_Problem details_:
Set down each line of the data below exactly as it stands, dropping the pictures.

_Data for this task_:

-------

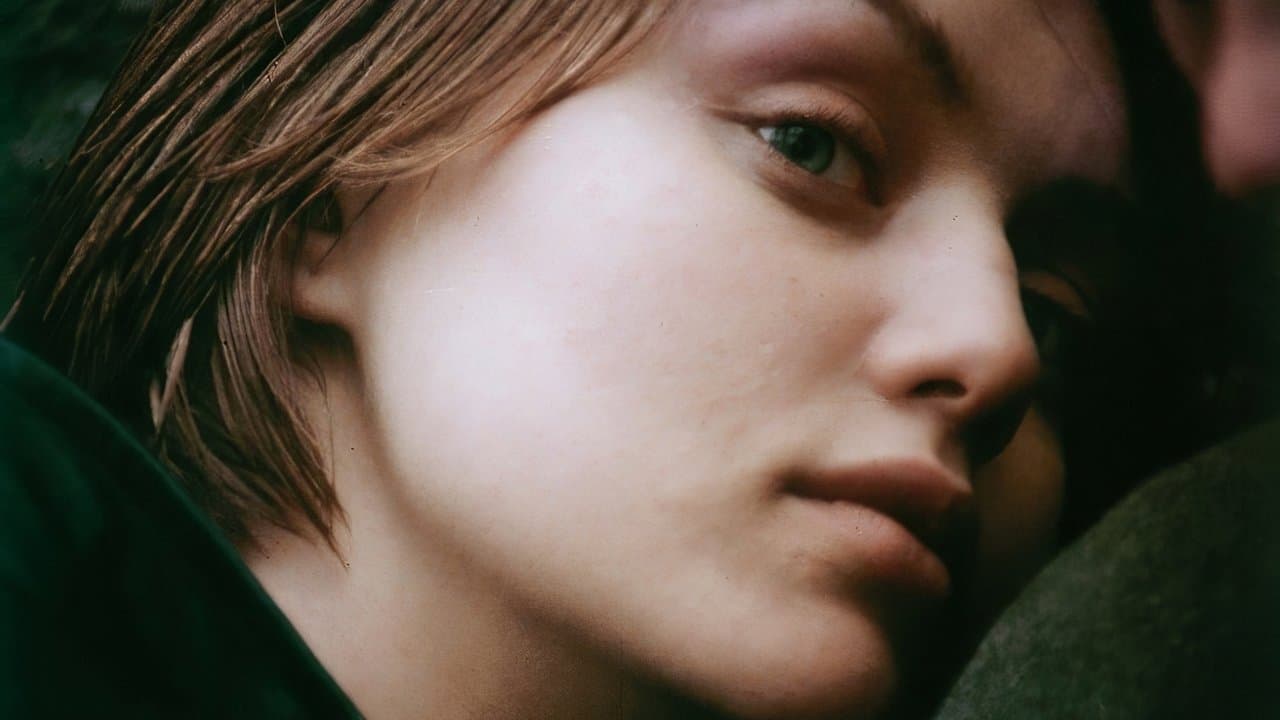 Trys dienosの背景画像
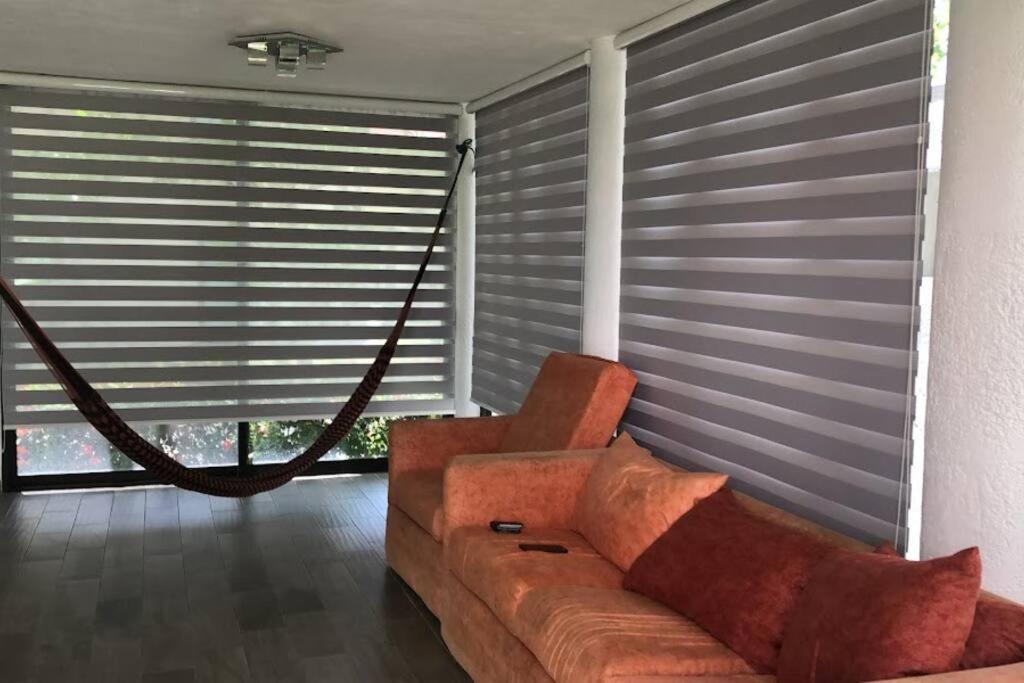 Вілла Casa C/Embarcadero En Boca Del Rio Gran Ubicacion Екстер'єр фото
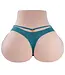 Tantaly Tantaly Daisy Pro Met Tantabutt & Tantaremoval, Verstelbare Heupen, 18,7 kg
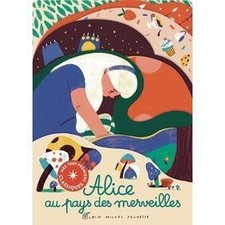 Livre Alice Au Pays Des Merveilles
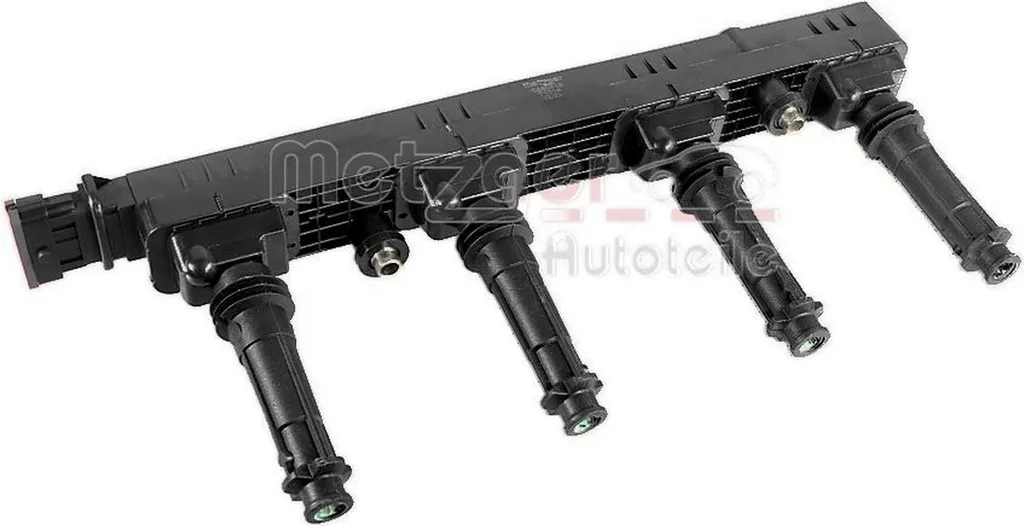 Bobina di accensione METZGER 0880515: Ricambio Qualità OE per la tua Auto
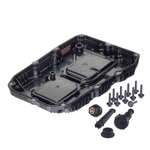 HENGST FILTER - HG114HD845-HEN - Oil sump, automatic transmission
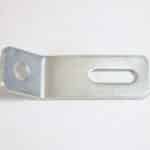 Mclane Reel Mower 25" Shield Assembly Hardware - MC4101-A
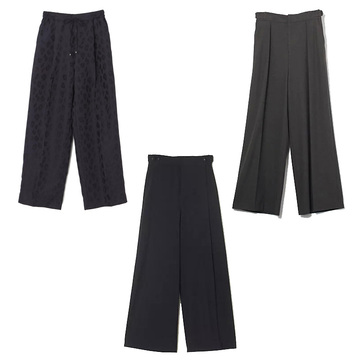 骨格診断で分かる！冬パンツの選び方【50代からの骨格診断 2025冬編 vol.2】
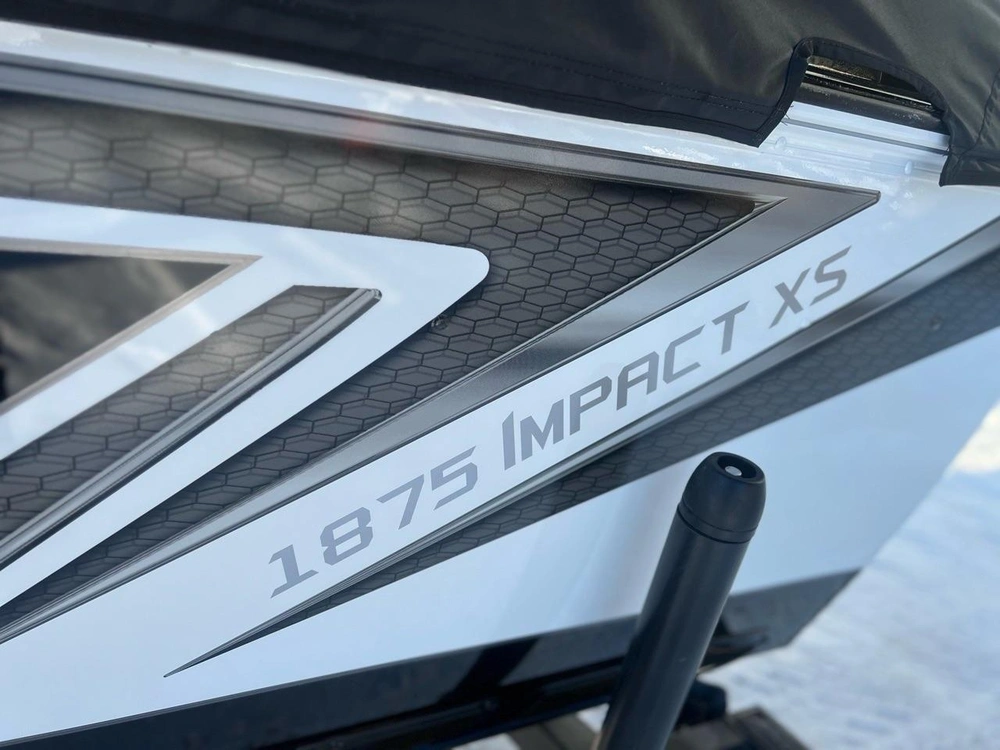 Lund Boat Co 1875 Impact Xs 150xl Remorque 2025 alt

-------

_Solution for this task_:
 Trys dienosの背景画像
 Вілла Casa C/Embarcadero En Boca Del Rio Gran Ubicacion Екстер'єр фото
 Tantaly Tantaly Daisy Pro Met Tantabutt & Tantaremoval, Verstelbare Heupen, 18,7 kg
 Livre Alice Au Pays Des Merveilles
 Bobina di accensione METZGER 0880515: Ricambio Qualità OE per la tua Auto
 HENGST FILTER - HG114HD845-HEN - Oil sump, automatic transmission
 Mclane Reel Mower 25" Shield Assembly Hardware - MC4101-A
 骨格診断で分かる！冬パンツの選び方【50代からの骨格診断 2025冬編 vol.2】
 Lund Boat Co 1875 Impact Xs 150xl Remorque 2025 alt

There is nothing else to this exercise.